What Makes Me Come Alive?

this morning i awoke to the strum of soft guitar

the singing of friends in harmony

and the kiss of sunlight on my cheeks. 

this place wraps me in magic

dances across my skin

until i feel the magic within myself 

realizing it’s been there all along.

i have landed in the right place.

i am right where i belong.

~ Zo DeWitt


I 100% believe in magic.

Not the hokey kind of magic where a magician pulls a rabbit out of his hat.

I’m talking about the kind of magic found in everyday life, the magic that you have to create for yourself. The magic of the sun’s rays shining through tree branches, illuminating every speck of dust drifting through the air. The magic of an encounter with a wild animal, that mutual recognition between two beings, one just as curious as the other. I think I find the most magic when I’m surrounded by nature, which I believe is one reason why I was drawn to the Immersion: a longing to find more magic.

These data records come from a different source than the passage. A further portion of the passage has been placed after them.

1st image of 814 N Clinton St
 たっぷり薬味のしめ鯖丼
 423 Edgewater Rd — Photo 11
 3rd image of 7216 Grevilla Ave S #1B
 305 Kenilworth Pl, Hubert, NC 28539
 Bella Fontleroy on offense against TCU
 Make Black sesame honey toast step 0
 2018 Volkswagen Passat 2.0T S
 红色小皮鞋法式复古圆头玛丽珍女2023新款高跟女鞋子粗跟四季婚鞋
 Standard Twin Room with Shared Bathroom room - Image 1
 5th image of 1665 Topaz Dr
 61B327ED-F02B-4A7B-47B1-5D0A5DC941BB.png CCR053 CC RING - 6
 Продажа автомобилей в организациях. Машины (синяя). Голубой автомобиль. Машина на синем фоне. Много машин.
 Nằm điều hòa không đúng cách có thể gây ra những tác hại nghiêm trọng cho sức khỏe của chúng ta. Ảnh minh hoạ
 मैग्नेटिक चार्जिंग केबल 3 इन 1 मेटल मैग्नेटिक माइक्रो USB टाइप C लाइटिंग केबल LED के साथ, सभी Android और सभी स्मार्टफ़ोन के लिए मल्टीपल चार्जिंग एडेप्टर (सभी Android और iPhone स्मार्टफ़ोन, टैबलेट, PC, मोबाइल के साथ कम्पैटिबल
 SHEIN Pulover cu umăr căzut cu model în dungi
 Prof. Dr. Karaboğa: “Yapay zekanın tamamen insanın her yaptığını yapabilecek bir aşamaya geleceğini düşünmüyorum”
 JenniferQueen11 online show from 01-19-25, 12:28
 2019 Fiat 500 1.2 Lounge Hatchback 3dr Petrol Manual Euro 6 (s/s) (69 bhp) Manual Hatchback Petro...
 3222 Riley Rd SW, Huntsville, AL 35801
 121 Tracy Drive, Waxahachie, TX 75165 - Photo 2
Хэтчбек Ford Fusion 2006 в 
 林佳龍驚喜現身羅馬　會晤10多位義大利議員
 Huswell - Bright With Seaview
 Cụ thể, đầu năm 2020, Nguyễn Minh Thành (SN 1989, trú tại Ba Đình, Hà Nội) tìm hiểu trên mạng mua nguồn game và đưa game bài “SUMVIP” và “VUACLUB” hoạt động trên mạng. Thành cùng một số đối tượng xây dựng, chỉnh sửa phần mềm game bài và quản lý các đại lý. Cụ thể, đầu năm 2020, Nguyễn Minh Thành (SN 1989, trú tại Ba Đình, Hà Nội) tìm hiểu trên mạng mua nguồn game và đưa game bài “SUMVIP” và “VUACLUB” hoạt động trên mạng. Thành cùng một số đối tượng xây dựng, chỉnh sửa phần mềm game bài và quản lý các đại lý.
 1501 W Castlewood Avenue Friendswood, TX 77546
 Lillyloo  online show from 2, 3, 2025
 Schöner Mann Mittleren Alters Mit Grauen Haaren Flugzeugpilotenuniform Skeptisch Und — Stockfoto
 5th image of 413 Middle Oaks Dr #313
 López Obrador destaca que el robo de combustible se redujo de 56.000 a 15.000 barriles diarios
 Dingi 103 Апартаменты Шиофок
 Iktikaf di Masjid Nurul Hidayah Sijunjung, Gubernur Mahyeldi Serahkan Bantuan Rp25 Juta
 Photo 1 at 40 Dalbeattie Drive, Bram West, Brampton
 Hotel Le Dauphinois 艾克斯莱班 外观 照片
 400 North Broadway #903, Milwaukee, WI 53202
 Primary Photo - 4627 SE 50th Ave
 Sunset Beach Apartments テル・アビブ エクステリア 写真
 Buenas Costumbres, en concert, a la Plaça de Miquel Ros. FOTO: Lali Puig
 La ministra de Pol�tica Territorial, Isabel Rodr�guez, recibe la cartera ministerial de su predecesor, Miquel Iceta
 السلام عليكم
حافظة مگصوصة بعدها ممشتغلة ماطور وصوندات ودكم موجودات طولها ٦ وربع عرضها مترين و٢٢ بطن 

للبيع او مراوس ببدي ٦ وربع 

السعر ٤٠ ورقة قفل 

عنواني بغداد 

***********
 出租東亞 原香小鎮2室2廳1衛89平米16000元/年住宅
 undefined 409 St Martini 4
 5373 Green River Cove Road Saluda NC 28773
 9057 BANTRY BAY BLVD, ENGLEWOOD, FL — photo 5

One of my favorite recent encounters with magic happened on our Day of Fire. Learning to carve a bow drill kit, I watched as mentors and classmates alike blew coals into flame all around me. My mind was boggled, entranced, enthralled. No one could convince me that this act is not filled with pure magic. In the words of my roommate and close friend, Kai, the flames had “made me come alive.”

What does it mean to come alive? Coming alive, in my eyes, is when a person feels most excited, most inspired, most drawn to a certain thing or being. It’s finding the things that make a person believe in magic. I haven’t necessarily figured out if coming alive and experiencing magic are the same thing to me yet, but I definitely find a deep connection between the two. A lot of the things I have found the most magic in through this program are also the things that make me come alive.

So, what’s made me come alive so far? Bow drill, obviously, although I have yet to get my own coal to blow into flame. Camp craft, building shelters and tying knots and using my knife. Trailing animals, using their tracks to follow and potentially find them in the wilderness. And while I don’t feel particularly drawn to tracking, I did have a moment of magic upon learning the story behind these two strange dot tracks in the muddy sand. As a mentor guided us through our learning, helping us find the answer behind these mysterious tracks, I literally felt the picture come to life in my mind; I could see the beaver dragging the log up the beach, I felt each step and noticed the swish of his tail.

Tracking the things that are making me come alive is becoming an important aspect of this program, and of my education as a whole, to me. If I focus on what makes me come alive, I will ultimately be more engaged with the material and find more satisfaction in it.